Goal of the exercise ::
Would you transcribe the entries below, beginning at the line with "Chisel Stainless Steel" and ending after the line with "Contrast Stitch Chambray Trouser", exactly, with no picture and nothing more?

The records ::
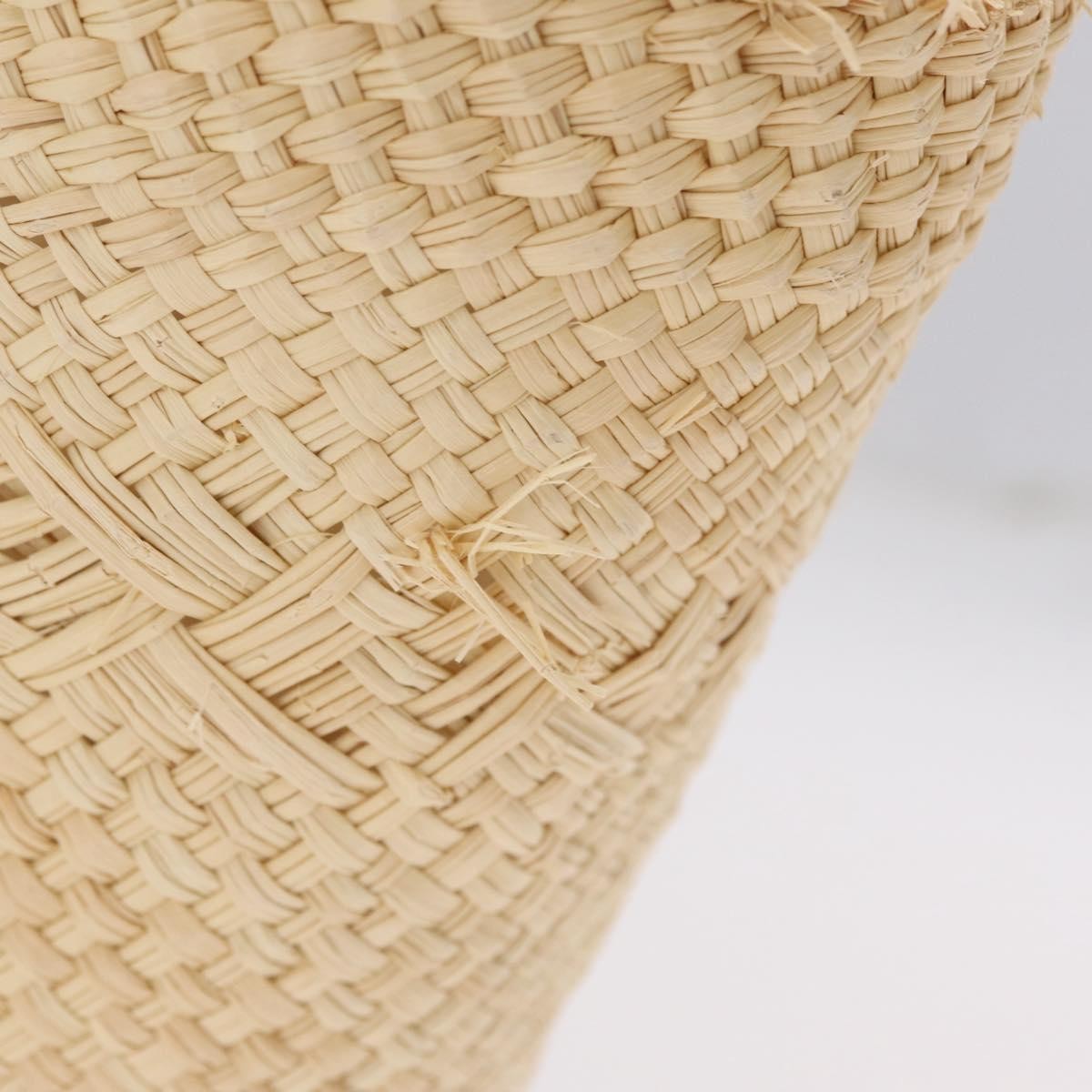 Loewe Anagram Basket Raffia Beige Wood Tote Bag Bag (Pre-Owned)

==

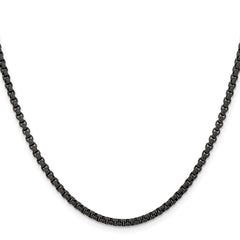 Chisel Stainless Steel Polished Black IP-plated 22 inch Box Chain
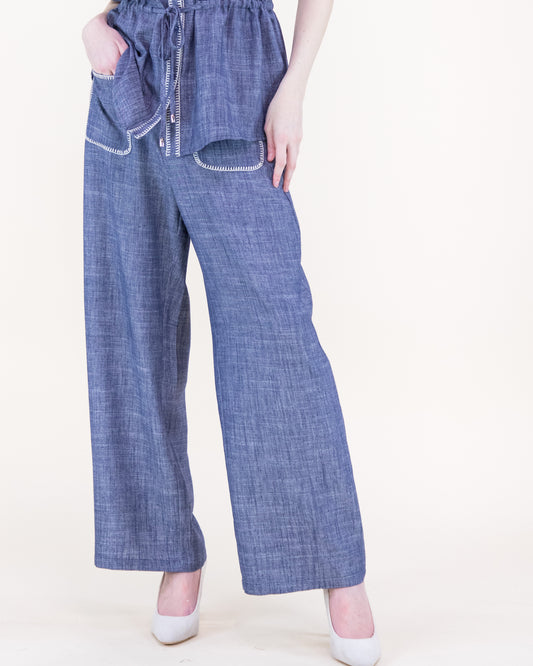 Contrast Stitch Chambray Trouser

Final answer ::
 Chisel Stainless Steel Polished Black IP-plated 22 inch Box Chain
 Contrast Stitch Chambray Trouser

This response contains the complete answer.